▸ Provided records

* * *

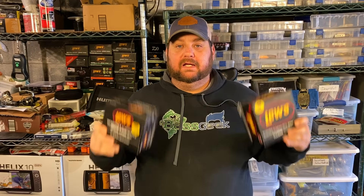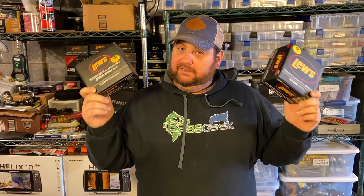Hey, Bass Geek here, and today we're going to talk about real speed and unbox some goodies that Lew's just sent me.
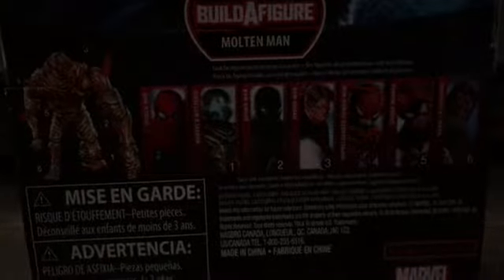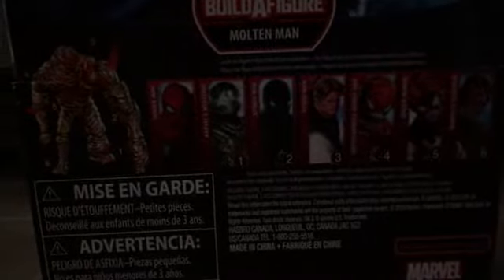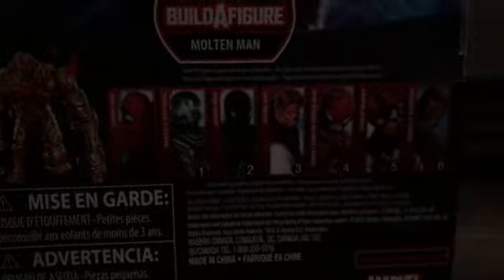I've explained the other figures in the set in my other videos. Basically, each part is numbered on the back of the package, and that corresponds with each figure — so for example, Night Monkey's part number two is the left arm. Here's the whole set; hopefully you'll want to get them all.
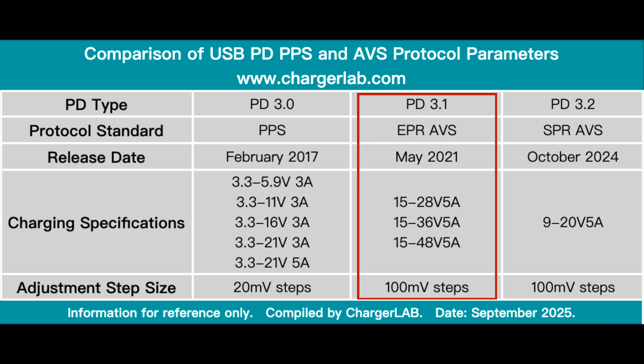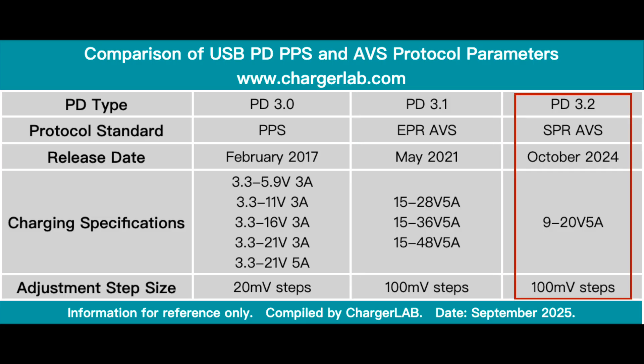EPR AVS, designed for high power devices like laptops, allows 100mV voltage steps for stable, efficient high voltage output and reduced conversion loss. The PD 3.2 spec extends AVS to the SPR range, forming PD 3.2 SPR AVS for devices under 100W like tablets and phones. It retains fine voltage adjustment capability but narrows the voltage range to 9 to 20V.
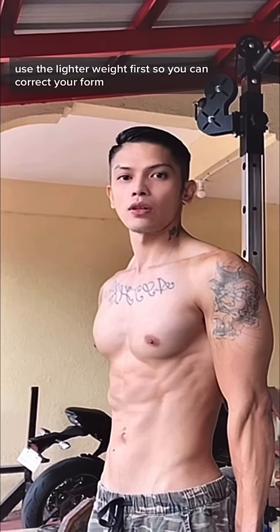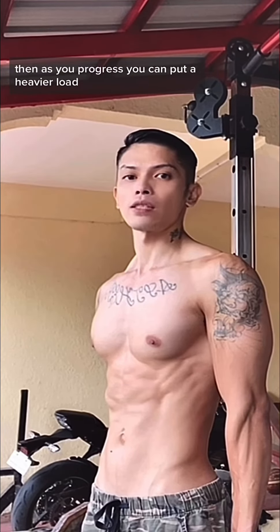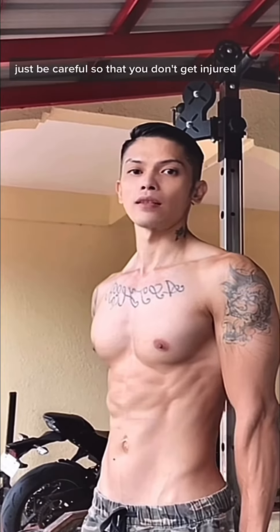Use a lighter weight first so you can correct your form, then as you progress you can add a heavier load. Just be careful so that you don't get injured.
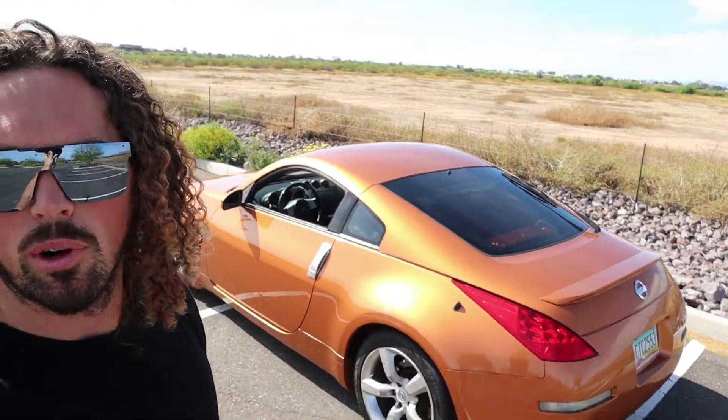Welcome back to the channel guys, welcome back to Arizona and welcome to today's video. Today we are going to be putting louvers on the back of my 350Z. What are louvers? They're basically blinds for rear windows — just a fancy name for them because you put them on a car.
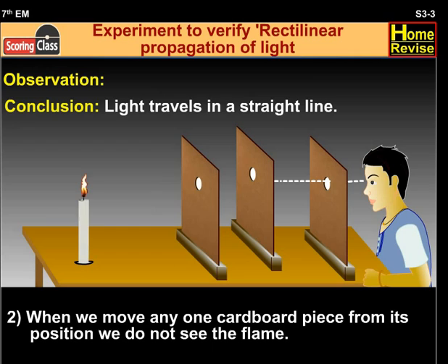Conclusion: light travels in a straight line.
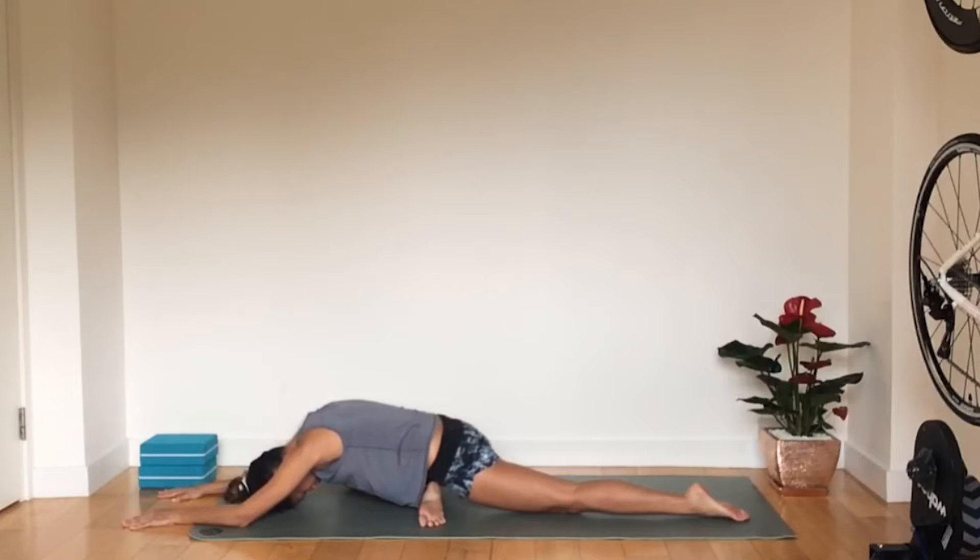We're going to hold here for a few breaths or as long as you need. Really notice where the stretch is — is it right up through the glute? Is it coming through the IT band? You may also notice the stretch into your hip flexors through the back leg.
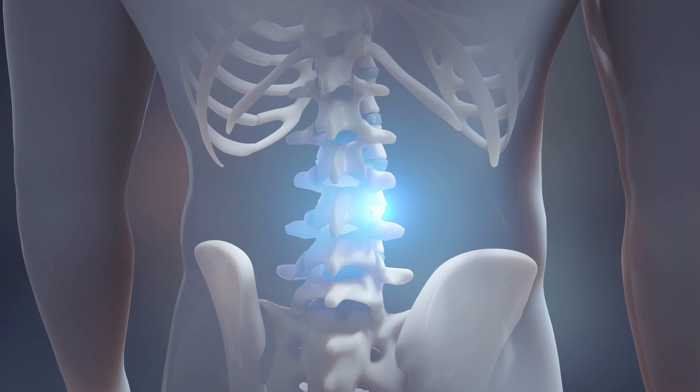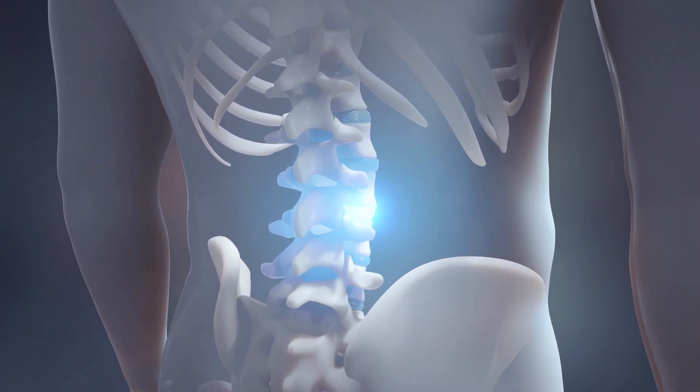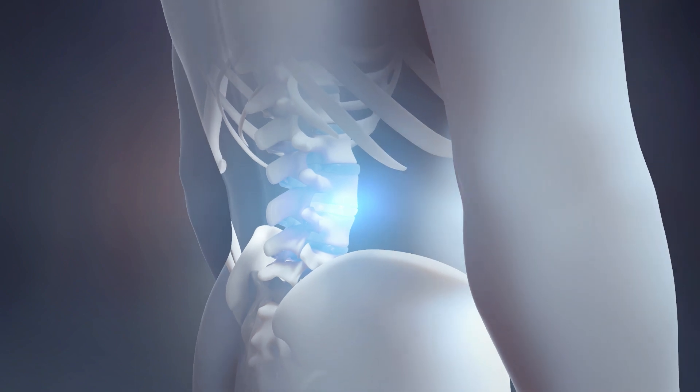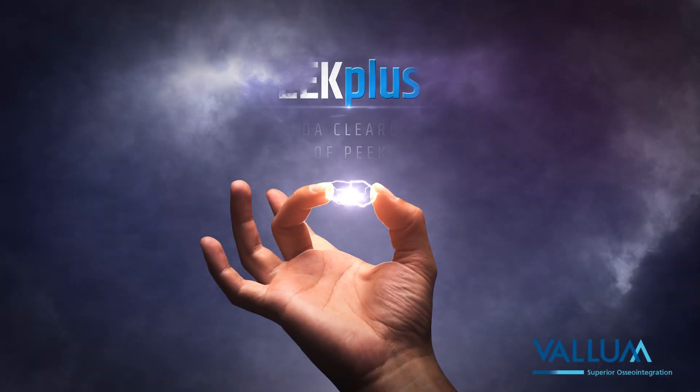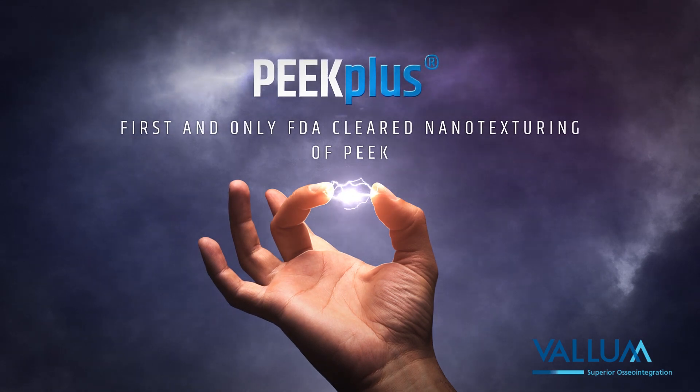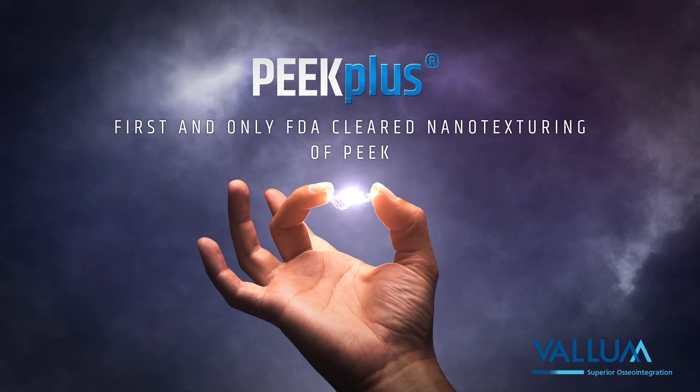PEAK plus is not a coating, nor is it porous or HA infused, but rather a true nanotexturing of the PEAK interbody device surface. PEAK plus is a disruptive breakthrough innovation in spinal fusion surgery and the first nanotexturing of PEAK to be FDA cleared.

* * *

▸ Exercise description
Every line from the first line of the entries above through the line with "We're going to hold" must be repeated exactly, and pictures must not be.

▸ Exercise answer
Hey, Bass Geek here, and today we're going to talk about real speed and unbox some goodies that Lew's just sent me.
I've explained the other figures in the set in my other videos. Basically, each part is numbered on the back of the package, and that corresponds with each figure — so for example, Night Monkey's part number two is the left arm. Here's the whole set; hopefully you'll want to get them all.
EPR AVS, designed for high power devices like laptops, allows 100mV voltage steps for stable, efficient high voltage output and reduced conversion loss. The PD 3.2 spec extends AVS to the SPR range, forming PD 3.2 SPR AVS for devices under 100W like tablets and phones. It retains fine voltage adjustment capability but narrows the voltage range to 9 to 20V.
Use a lighter weight first so you can correct your form, then as you progress you can add a heavier load. Just be careful so that you don't get injured.
Welcome back to the channel guys, welcome back to Arizona and welcome to today's video. Today we are going to be putting louvers on the back of my 350Z. What are louvers? They're basically blinds for rear windows — just a fancy name for them because you put them on a car.
Conclusion: light travels in a straight line.
We're going to hold here for a few breaths or as long as you need. Really notice where the stretch is — is it right up through the glute? Is it coming through the IT band? You may also notice the stretch into your hip flexors through the back leg.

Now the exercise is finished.